Source data Start Marker
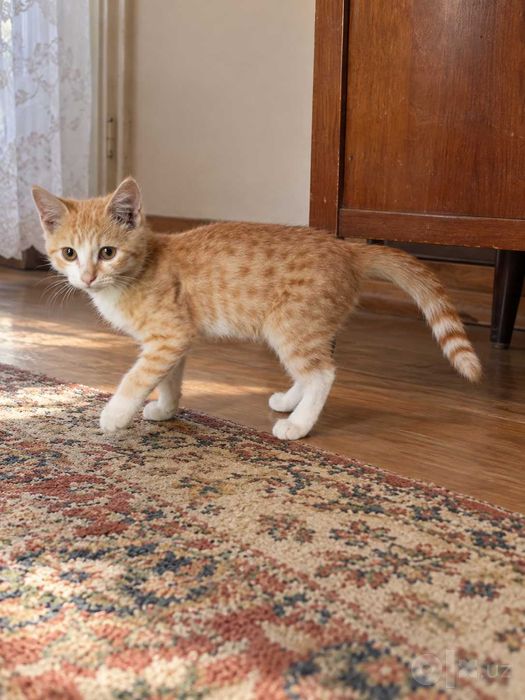 Котенок бесплатно (рыжий)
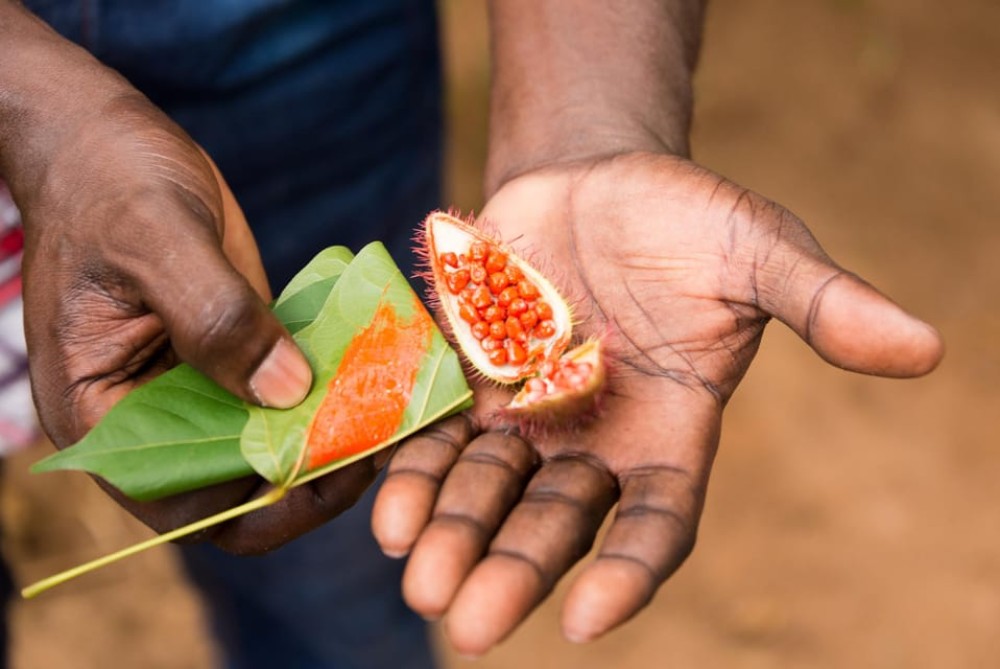 Zanzibar : Spice Farms Tour & Traditional Cooking Class | ®ExcursionMania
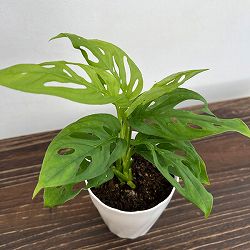 モンステラ：ラニアータ　4.5号鉢植え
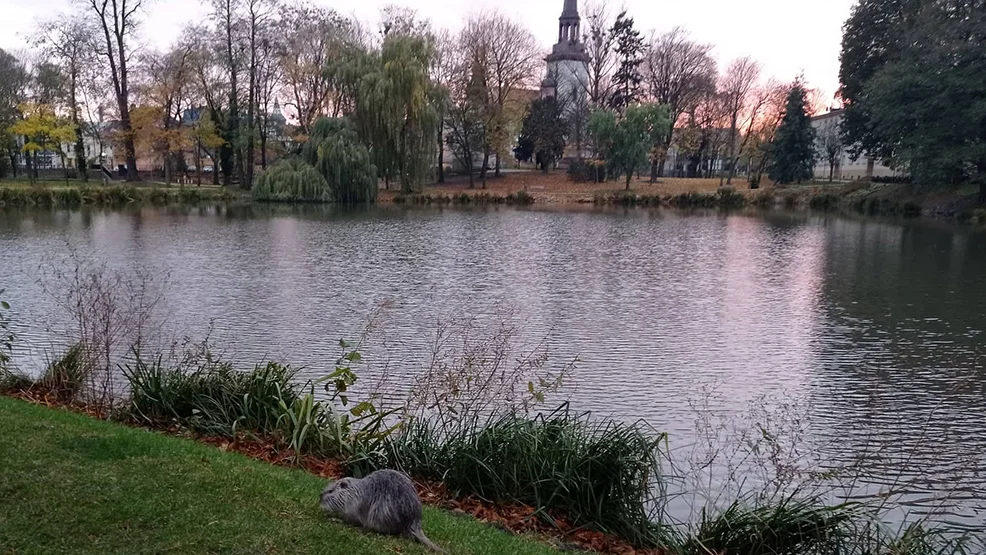 Będą odławiać nutrie z jarocińskiego parku. Wiemy dlaczego  - Zdjęcie główne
Source data End Marker
Copy every line above exactly, leaving no picture in the copy.

The completed task:
 Котенок бесплатно (рыжий)
 Zanzibar : Spice Farms Tour & Traditional Cooking Class | ®ExcursionMania
 モンステラ：ラニアータ　4.5号鉢植え
 Będą odławiać nutrie z jarocińskiego parku. Wiemy dlaczego  - Zdjęcie główne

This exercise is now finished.